The high cost of farm inputs coupled with the ongoing drought has been blamed for the drop in maize yields in Nakuru county.
According to data from the Ministry of Agriculture, maize production in the county dropped by 15 per cent raising fears of a looming shortage of maize flour in the coming days.
This came as farmers challenged the government to increase the number of subsidised fertiliser bags that an individual is expected to get before the planting season.
This emerged during a farmer’s field day in Ndondori area where farmers were challenged to prepare their farming programme in advance to avoid losses like last year.
According to John Kamanja from the Ministry of Agriculture, maize farmers were adversely affected by the high prices of fertiliser and seeds.
“Many farmers opted to plant without fertiliser as a bag was going for between Sh6,000 and Sh7,000 and many could not afford this,” he said.

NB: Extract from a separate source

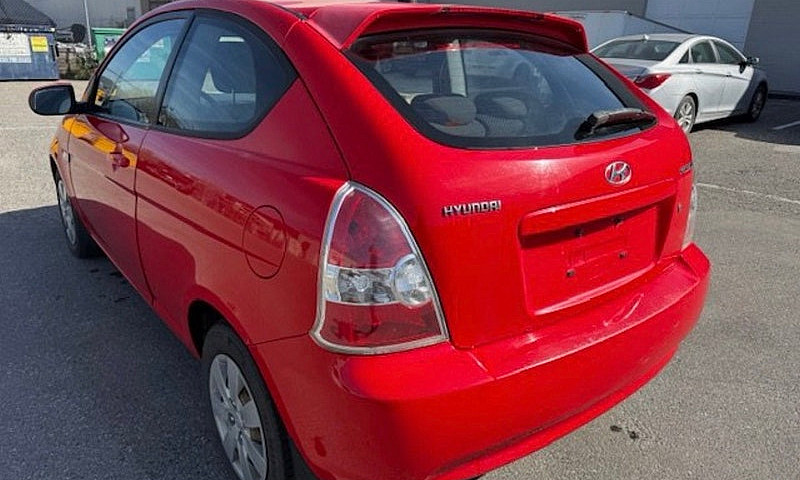 2010 Hyundai Accent...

The senior officer admitted that this had played a role in the drop in the harvest with the ongoing drought worsening the situation.
“Maize production in the county dropped by 15 per cent and this was attributed to the poor rainfall pattern and planting the wrong seed variety,” he said.

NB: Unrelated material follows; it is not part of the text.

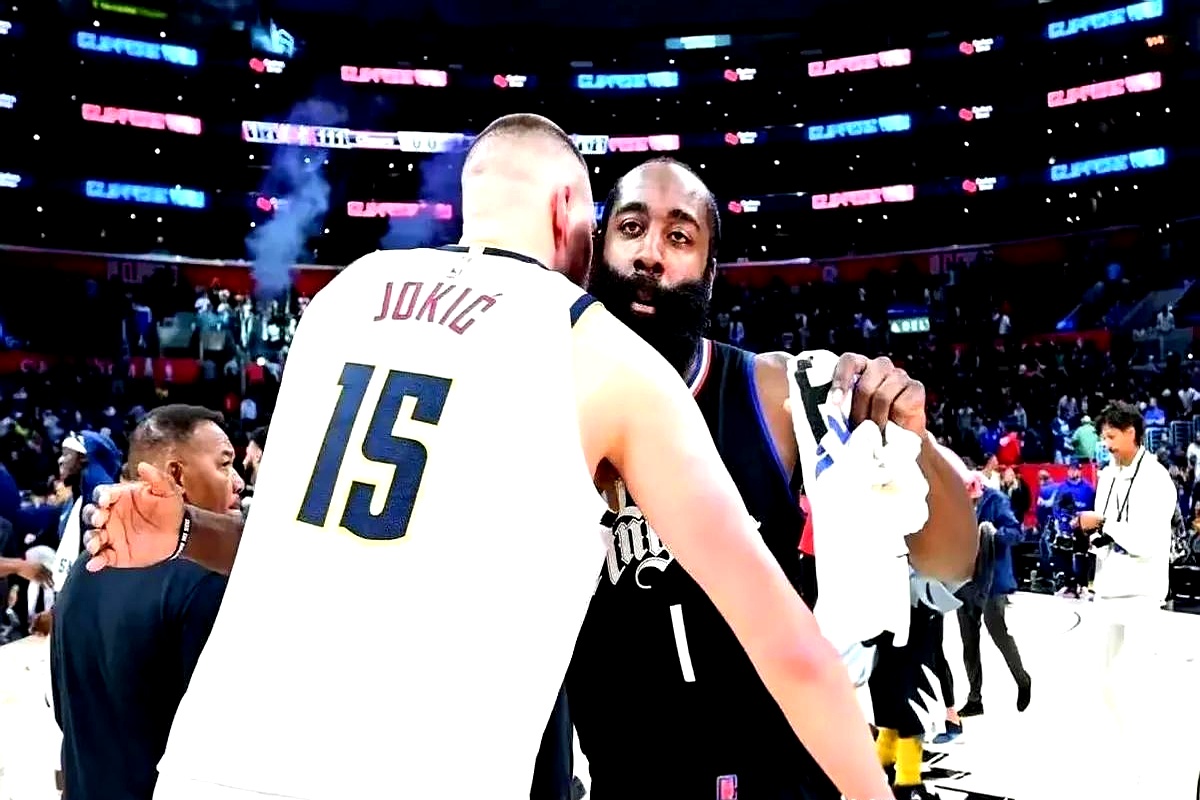 世俱杯官网-猛龙快船同城交锋，双方球迷现场激烈对抗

Kamanja was, however, optimistic that things would be different this year after the government promised to supply farmers with subsidized fertiliser.

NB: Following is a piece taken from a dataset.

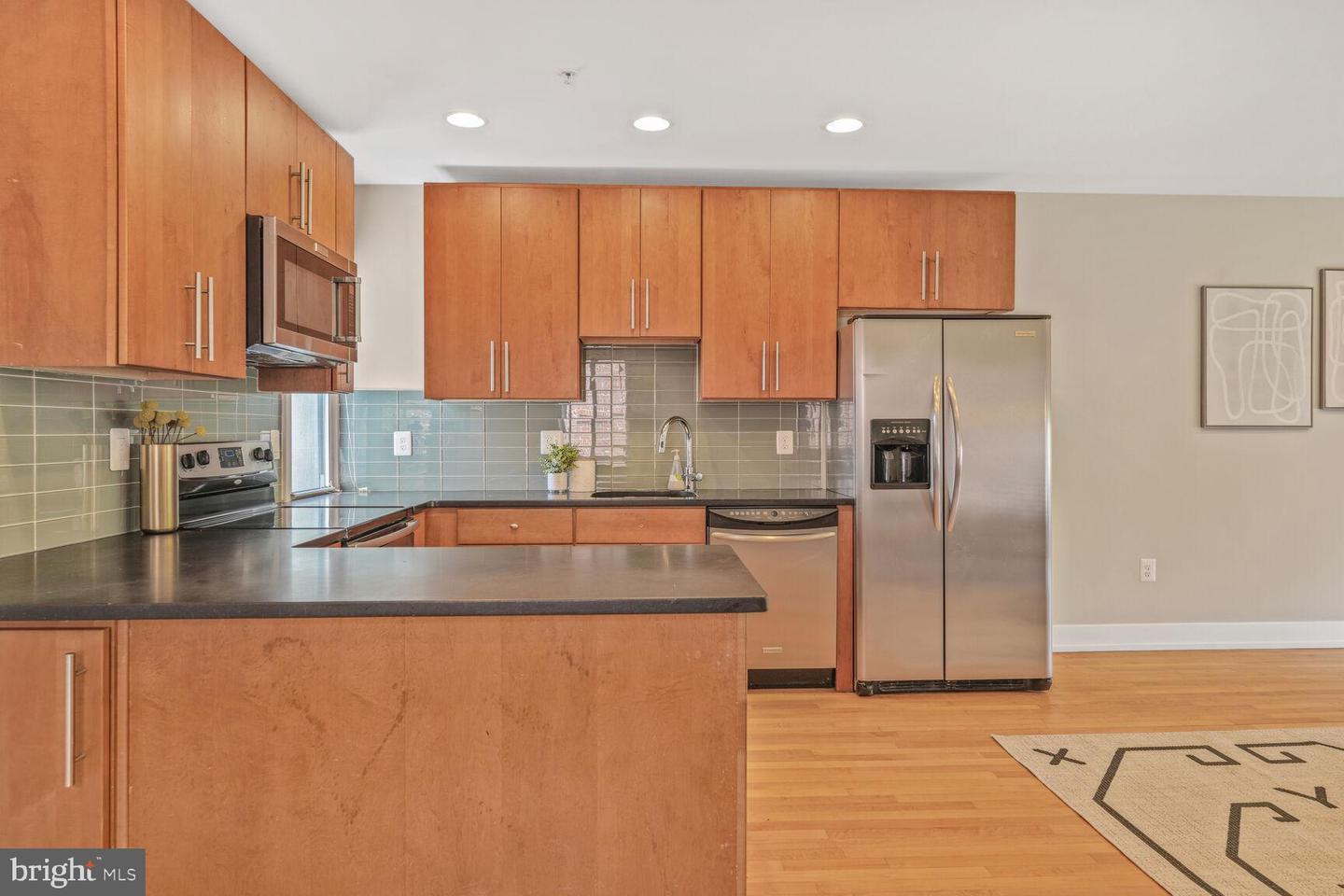 2515 17TH ST NW #5, WASHINGTON, District Of Columbia 20009, 2 Bedrooms Bedrooms, ,2 BathroomsBathrooms,Residential,For sale,2515 17TH ST NW #5,DCDC2199404 MLS # DCDC2199404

The agricultural officer noted that if well prepared, one acre in the county had the capability of producing between 18 and 30 bags of maize.
“We are asking farmers to register with the chiefs so that they can get in time the subsidised fertiliser which the government has promised,” he said.
One of the top farmers Joseph Ndung’u admitted that the high cost of farm inputs had affected the harvest from his six-acre farm.
He noted that in a good season, he was harvesting a total of 80 bags adding that he managed to get 10 bags last year.
“The high prices of fertilizer were the main reason for the drop in maize harvest and we hope the government will address this,” he said.
Another farmer Purity Muthoni termed 2022 as the worst year for farmers due to the harsh weather which affected food security.
“Due to the economic challenges we did not use fertilizer in planting maize and the crop performed dismally due to the erratic rainfall,” she said.